I get the definition of a Hamiltonian matrix from Wikipedia and this article and they both agree.
Is the Quantum Mechanical Hamiltonian operator when expressed as a matrix, a Hamiltonian matrix, or are they two separate things?
Because the matrix of the operator in this link does not seem to fit the definition of a Hamiltonian matrix, and nor did a few others.
They are two separate things. The matrix $$ \begin{bmatrix}0&I_{n}\\-I_{n}&0\end{bmatrix} $$ is the standard matrix representation of the symplectic form $\Omega$ on a symplectic vector space, while the Hamiltonian operator, as defined in quantum mechanics, is associated to the energy of a physical system: if a physical system is in some state, a measurement of energy will be one of the eigenvalues of the Hamiltonian operator.
The Hamiltonian matrix associated with a Hamiltonian operator $H$ is simply the matrix of the Hamiltonian operator in some basis, that is, if we are given a (countable) basis $\{|i\rangle\}$, then the elements of the Hamiltonian matrix are given by $$ H_{ij}=\langle i|H|j\rangle. $$ Notice that this has nothing to do with the definition of Hamiltonian matrix you have seen in the article in Wikipedia.

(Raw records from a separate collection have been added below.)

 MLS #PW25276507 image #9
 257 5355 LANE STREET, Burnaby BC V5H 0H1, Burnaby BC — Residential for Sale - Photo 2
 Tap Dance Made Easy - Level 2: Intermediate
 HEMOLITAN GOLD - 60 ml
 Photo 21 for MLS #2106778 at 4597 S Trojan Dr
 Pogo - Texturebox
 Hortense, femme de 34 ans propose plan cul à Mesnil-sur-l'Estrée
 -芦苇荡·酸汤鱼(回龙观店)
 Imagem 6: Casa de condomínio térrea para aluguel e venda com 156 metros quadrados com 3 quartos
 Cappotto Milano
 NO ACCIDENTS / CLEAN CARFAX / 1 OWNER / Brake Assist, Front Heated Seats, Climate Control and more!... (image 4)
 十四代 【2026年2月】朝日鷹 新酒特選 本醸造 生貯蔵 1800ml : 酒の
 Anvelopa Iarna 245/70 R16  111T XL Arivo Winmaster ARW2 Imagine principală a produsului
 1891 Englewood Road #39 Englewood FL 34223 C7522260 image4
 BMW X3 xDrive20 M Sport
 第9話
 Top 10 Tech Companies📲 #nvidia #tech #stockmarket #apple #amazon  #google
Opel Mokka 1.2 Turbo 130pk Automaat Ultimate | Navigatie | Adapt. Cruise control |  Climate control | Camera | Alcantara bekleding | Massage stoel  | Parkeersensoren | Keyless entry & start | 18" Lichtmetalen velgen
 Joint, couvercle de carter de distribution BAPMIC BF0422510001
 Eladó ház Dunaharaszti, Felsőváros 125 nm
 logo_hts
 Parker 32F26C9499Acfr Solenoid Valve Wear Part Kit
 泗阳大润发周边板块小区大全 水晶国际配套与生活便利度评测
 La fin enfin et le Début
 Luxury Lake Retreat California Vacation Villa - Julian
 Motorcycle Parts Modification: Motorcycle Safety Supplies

Although the concepts of Hamiltonian operator and symplectic form are different, they are closely connected. Let me illustrate this fact by considering classical Hamiltonian mechanics, that is, the dynamics of $n$ particles on the phase space with coordinates given by the positions and momenta $(q,p)=(q_1,\ldots,q_n,p_1,\ldots,p_n)$ and Hamiltonian function $H$. The Hamilton's equations of motion are given by $$ \frac{dq_i}{dt}=\frac{\partial H}{\partial p_i},\\ \frac{dp_i}{dt}=-\frac{\partial H}{\partial q_i}. $$ Defining $\eta=(q,p)$, the equations of motion can be written as $$ \frac{d\eta}{dt}=\Omega\nabla H. $$
If you understand some differential geometric language, I have given an answer that shows the relation between the symplectic form and Hamiltonian vector fields on symplectic manifolds.